What Happened To Jordan Edwards? The Black Teen Was Unarmed

by Natasha Guzmán
Justin Sullivan/Getty Images News/Getty Images

It's happened yet again: an unarmed black teen named Jordan Edwards was fatally shot by a police officer on Saturday, and there are already inconsistencies with the police department's official account of what led to the tragedy. 15-year-old Edwards was in a vehicle leaving a Dallas house party on Saturday night with four others. Police investigating a noise and underage drinking complaint arrived at the scene, and minutes later, an officer shot Edwards in the head through the front passenger window as the car he was in drove away.

On Sunday, Balch Springs Police Chief Jonathan Haber claimed that the vehicle in which Edwards and the other teens were in had backed toward the officers "in an aggressive manner." He retracted his description of the events on Monday, stating that police video showed the opposite of what he'd originally claimed — the car had, in fact, been moving away from the officers, rather than toward them. "I'm saying after reviewing the video that I don't believe that it met our core values," Haber said of the officer's actions during a press conference.

The name of the policeman who shot Edwards has not been released to the public, but local news outlet WFAA reported that the officer in question is a six-year veteran of the Balch Springs police force, and he is currently on administrative leave. An investigation into the shooting is being conducted by the Dallas County Sheriff's Department.

The Edwards family and their attorney, Lee Merritt, held a news conference on Monday, demanding a change to policing and criticizing the police department's attempt to provide a justification for the shooting. Merrit said:

We are declaring war on bad policing. This has happened far too often. We are tired of making the same rhetorical demands, of having the same hashtags. Our community is fed up with the same tired excuses once again offered by Springs' police department yesterday — that this was somehow the fault of the victims, teenaged kids with no criminal records, with no motive to attempt to hurt anyone, with no evidence that they ever attempted to hurt anyone. To insinuate that there were some sort of bad acts on their part that could cause an officer to shoot multiple rounds into a vehicle occupied by five teenagers. There is no — there will be no justification, and this will not be a temporary stand on behalf of the community, this will not be a temporary stand on behalf of the family. We are demanding justice in this case and a change to policing in America. America, throughout the country, must figure out a way to police its citizens without killing them. It's not something unreasonable for this family to ask, it's not something unreasonable for the black community to ask. To simply police our communities, to respond to non-violent, non-life-threatening, mundane police calls without resort to brutal force, without the unnecessary loss of innocent life.

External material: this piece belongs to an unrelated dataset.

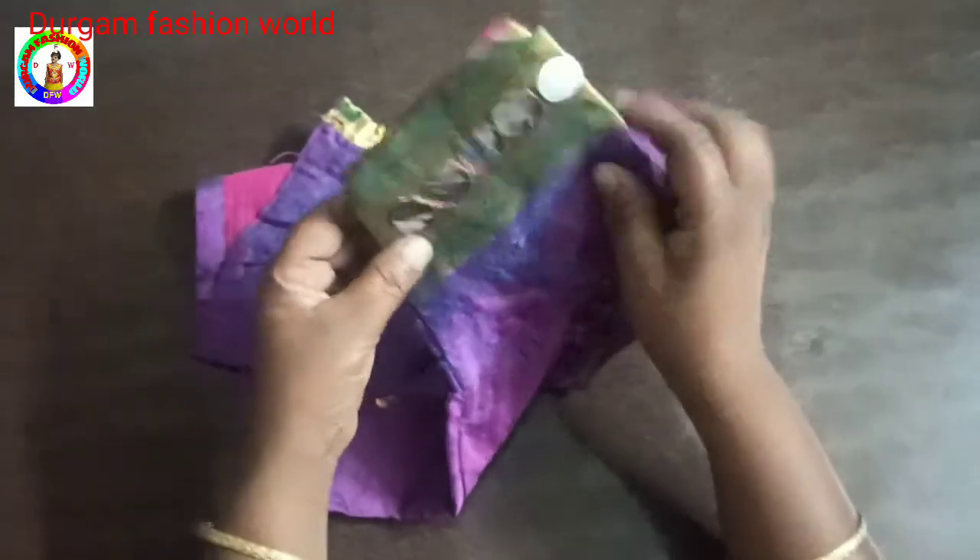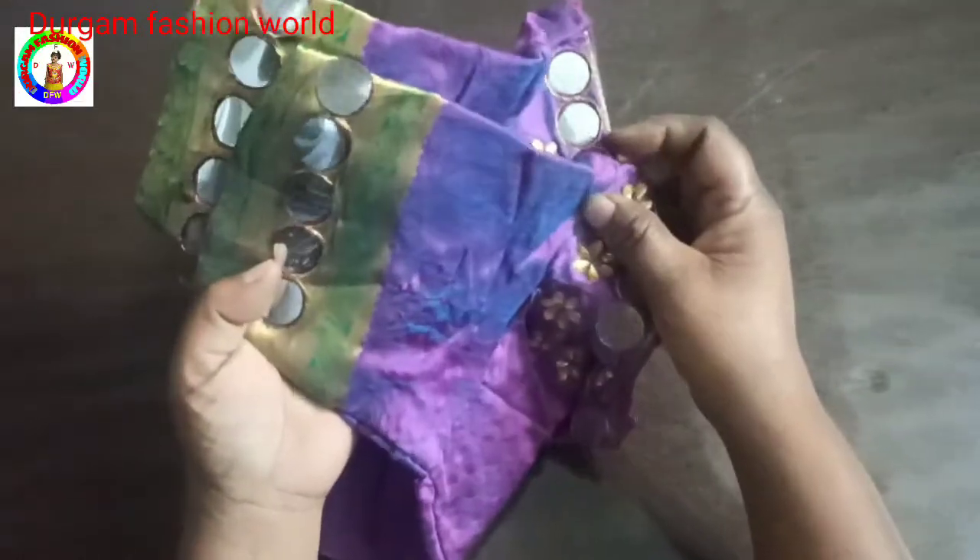Hi Friends! Welcome back to Mike Chamaay, my channel. Today I am using the mirror — 7 mirrors. This shape of the eye. High ends, simple to cut the eye.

In a telephone interview with The New York Times, Merritt expressed approval of the police chief's decision to come forward and correct the details of his initial account, however he insisted the department take further action. "They have a dead child, they have the identity of the shooter, and they have no explanation for the shooting," he said. "They have more than sufficient probable cause to make an arrest."

Edwards has been described as "a good student who was very well liked by his teachers, coaches and his fellow students" by the Mesquite Independent School District; his football coach and teammates, classmates, and teachers have similarly painted a picture of Edwards as a friendly teen who never caused trouble and did well in school — he had a 3.5 GPA.

"We’ve heard excuses before in the past," Merritt said, referring to previous cases of police killings of unarmed black men. "You know why it happens, because the dads aren’t present. That excuse isn’t here. Or the kid was violent. That excuse isn’t present here."